The FOI requires public bodies throughout the UK to make information available to all those who request it subject to a few limited exceptions.
This obligation to disclose information to all comers could extend to details of pitches made by potential suppliers to public bodies and the fear is that competing law firms could extract all sorts of sensitive information about their competitors' charging rates and other financial data simply by lodging a request with the relevant public body.
The pre-emptive measures being taken by some law practices include a much more rigorous approach to designating proposals made to public bodies as "highly confidential".
Why this matters:
There is no reason why the above considerations should not apply equally in cases where marketing services suppliers are pitching to public bodies for business. It must be borne in mind, however, that there are exemptions to the obligation on public bodies to disclose information requested. Perhaps the most relevant example in these cases will be the exemption given to information provided to a public authority "in confidence."
This confidentiality exemption has two parts.
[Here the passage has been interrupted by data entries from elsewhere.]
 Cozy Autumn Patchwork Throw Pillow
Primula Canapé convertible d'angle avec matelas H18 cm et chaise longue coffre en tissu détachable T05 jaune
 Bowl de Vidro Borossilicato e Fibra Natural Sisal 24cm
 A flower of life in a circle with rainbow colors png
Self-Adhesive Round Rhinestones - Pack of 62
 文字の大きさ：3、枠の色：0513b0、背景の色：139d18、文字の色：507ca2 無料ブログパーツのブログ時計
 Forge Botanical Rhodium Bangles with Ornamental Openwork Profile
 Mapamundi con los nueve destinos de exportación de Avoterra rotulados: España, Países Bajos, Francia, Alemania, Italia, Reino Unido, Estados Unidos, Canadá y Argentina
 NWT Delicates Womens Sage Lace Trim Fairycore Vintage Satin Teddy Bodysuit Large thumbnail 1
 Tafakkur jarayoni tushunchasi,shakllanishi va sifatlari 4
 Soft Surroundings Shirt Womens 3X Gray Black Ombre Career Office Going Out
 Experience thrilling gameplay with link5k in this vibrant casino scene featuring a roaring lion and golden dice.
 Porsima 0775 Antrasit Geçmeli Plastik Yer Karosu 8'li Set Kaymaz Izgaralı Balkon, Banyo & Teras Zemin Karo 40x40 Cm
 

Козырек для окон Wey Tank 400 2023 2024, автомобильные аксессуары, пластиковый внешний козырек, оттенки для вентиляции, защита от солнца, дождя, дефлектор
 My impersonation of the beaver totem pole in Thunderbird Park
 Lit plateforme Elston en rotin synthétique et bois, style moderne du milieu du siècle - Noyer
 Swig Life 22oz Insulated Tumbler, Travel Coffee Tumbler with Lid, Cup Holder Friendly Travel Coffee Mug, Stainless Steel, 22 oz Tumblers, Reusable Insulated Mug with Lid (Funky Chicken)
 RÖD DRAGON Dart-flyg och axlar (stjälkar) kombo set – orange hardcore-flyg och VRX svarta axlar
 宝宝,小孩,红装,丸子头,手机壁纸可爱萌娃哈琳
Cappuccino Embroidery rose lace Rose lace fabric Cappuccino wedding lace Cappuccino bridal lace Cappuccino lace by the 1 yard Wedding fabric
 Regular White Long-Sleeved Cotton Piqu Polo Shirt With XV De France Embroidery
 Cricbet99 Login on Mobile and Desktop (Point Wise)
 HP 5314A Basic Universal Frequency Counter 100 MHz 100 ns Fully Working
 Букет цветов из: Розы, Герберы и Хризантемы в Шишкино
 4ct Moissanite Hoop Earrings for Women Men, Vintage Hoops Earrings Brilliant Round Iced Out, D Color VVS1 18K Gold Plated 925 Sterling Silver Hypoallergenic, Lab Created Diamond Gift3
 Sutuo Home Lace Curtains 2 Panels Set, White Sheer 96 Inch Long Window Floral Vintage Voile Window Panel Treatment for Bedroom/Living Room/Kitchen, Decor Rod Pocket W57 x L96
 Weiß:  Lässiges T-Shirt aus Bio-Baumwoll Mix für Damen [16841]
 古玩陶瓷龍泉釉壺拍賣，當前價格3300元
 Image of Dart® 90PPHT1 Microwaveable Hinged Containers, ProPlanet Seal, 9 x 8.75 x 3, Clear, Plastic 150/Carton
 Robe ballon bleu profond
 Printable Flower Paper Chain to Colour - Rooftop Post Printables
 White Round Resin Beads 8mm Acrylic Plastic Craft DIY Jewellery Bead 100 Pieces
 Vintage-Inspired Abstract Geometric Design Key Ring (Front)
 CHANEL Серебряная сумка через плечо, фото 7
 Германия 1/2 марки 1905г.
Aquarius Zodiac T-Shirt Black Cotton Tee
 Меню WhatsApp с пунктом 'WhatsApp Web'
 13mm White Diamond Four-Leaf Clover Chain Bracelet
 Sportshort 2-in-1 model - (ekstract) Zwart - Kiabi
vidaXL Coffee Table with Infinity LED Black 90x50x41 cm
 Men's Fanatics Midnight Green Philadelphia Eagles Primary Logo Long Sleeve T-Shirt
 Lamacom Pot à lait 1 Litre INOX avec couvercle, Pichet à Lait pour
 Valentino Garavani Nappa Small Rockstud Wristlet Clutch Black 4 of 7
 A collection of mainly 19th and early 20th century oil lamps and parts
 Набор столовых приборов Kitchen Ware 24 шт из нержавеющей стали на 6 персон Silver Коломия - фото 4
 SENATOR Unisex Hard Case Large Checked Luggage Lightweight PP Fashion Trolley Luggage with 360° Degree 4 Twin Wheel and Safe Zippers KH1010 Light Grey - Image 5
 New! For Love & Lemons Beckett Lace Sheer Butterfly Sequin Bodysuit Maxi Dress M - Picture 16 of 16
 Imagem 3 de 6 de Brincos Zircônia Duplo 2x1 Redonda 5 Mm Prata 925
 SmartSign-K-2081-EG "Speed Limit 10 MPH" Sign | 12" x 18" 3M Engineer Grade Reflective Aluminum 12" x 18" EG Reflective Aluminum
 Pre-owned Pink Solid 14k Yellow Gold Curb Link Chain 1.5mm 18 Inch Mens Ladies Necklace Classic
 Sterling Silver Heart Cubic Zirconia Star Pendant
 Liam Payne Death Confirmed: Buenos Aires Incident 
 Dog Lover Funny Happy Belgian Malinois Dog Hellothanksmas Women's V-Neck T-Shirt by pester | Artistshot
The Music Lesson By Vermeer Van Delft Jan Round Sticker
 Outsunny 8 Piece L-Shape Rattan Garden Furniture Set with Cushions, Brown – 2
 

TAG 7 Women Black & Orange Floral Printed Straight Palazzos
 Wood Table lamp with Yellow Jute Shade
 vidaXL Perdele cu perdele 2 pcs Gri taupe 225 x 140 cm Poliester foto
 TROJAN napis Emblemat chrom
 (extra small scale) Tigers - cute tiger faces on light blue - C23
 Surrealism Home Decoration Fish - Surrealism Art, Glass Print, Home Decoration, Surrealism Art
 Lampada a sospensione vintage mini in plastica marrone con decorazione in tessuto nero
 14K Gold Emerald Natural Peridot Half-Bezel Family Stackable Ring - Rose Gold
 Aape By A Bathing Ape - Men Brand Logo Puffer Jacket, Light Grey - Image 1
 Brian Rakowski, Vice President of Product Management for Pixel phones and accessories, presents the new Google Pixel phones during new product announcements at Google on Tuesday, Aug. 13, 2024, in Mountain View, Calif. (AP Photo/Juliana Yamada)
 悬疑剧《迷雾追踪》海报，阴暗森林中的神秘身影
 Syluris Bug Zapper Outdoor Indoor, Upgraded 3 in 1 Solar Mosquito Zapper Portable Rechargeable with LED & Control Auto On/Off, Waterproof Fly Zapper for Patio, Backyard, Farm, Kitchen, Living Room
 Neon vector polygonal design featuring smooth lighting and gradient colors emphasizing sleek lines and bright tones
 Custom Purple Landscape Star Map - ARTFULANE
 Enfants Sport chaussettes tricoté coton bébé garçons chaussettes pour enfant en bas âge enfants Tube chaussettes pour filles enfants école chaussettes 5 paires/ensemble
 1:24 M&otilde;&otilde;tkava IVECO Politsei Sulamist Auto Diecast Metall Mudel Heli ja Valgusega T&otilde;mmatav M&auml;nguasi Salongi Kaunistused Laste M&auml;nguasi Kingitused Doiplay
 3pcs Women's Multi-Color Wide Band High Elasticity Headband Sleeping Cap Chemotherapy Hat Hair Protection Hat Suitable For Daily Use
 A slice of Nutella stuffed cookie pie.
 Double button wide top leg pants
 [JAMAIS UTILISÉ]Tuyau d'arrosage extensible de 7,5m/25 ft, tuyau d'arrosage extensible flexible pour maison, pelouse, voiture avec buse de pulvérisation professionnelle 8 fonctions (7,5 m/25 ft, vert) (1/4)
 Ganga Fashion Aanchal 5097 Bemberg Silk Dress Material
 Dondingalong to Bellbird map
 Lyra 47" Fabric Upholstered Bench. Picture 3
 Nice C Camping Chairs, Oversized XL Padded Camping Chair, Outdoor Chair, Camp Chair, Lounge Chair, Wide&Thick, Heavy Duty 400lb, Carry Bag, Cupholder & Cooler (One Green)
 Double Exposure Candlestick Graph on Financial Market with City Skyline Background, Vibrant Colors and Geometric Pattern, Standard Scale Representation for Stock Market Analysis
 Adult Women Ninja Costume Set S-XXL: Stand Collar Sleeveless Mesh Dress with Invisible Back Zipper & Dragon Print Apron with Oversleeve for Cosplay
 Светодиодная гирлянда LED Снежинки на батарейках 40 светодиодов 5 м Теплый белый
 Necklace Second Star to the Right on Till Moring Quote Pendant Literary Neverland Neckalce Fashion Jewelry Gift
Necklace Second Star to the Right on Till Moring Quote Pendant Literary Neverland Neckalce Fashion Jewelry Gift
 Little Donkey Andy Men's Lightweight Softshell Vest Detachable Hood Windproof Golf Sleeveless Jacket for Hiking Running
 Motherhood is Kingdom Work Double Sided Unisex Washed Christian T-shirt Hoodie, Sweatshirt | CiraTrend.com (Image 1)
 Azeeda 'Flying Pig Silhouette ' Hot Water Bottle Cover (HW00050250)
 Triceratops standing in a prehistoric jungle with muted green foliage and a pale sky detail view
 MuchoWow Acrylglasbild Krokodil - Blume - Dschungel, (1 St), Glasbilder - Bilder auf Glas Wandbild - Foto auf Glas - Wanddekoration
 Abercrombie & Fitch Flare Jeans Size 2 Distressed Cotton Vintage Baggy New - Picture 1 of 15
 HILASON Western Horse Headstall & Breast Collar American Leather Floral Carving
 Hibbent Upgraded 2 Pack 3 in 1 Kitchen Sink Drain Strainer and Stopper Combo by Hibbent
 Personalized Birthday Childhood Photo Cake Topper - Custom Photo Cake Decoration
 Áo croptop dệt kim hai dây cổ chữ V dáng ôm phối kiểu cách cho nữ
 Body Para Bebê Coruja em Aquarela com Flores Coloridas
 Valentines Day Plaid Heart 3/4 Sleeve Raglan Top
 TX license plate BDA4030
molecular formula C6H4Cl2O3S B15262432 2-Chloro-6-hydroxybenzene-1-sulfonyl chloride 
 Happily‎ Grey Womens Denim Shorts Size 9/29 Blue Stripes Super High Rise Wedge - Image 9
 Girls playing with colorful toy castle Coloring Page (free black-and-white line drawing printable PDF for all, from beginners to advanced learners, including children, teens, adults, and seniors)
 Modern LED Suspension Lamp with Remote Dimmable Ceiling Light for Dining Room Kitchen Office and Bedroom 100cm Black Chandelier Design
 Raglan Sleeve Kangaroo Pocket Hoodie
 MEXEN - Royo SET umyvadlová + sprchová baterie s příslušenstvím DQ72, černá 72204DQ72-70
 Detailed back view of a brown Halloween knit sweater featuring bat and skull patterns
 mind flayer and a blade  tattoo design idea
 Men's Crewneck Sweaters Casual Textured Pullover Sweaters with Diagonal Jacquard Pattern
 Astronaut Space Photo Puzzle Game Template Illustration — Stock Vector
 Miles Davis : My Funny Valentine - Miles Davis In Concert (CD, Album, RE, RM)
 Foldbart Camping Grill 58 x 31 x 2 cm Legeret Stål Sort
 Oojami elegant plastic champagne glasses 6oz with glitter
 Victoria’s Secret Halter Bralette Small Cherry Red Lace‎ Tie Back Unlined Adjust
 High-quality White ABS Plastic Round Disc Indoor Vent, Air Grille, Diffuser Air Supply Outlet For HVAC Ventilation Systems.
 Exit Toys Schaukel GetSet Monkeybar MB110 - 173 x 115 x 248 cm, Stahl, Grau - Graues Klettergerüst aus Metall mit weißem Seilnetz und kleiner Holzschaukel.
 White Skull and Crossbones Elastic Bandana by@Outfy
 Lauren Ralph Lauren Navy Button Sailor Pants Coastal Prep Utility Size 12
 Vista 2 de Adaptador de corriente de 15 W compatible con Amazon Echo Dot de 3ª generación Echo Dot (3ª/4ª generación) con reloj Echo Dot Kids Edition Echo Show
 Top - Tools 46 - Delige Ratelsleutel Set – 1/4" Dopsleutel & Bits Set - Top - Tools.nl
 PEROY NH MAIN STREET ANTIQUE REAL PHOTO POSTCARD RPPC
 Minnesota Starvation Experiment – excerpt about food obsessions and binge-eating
Firstly the public authority must have obtained information from another person and secondly the disclosure must be capable of giving rise to an actionable breach of confidence.
On the face of it, both of these components would appear to apply in a pitch situation, even without the pitching company stating on its slides, for example, that the information being submitted is "highly confidential."
On the other hand, the Codes issued in this area by the Office of the Information Commissioner clearly indicate that agencies contemplating a pitch to a public body would be best advised to negotiate explicit confidentiality agreements with the prospective client. Under the code such agreements should identify what information is confidential, give the reasons for the confidentiality and specify in what circumstances or after what period of time the information may cease to be confidential.
This "confidentiality" exemption is what is called an "absolute exemption", which is therefore theoretically not exposed to being eroded by public interest considerations (in contrast to the considerations of public interest that recently defeated the Beckhams' attempts to gag their former nanny's revelations on grounds of breach of confidence).
There are also other exemptions which might apply in a pitching scenario, for instance, the "commercial interests" exemption. This exemption, however, is not an absolute, but a qualified exemption, which means it is susceptible to being overturned on the basis of an overriding public interest argument.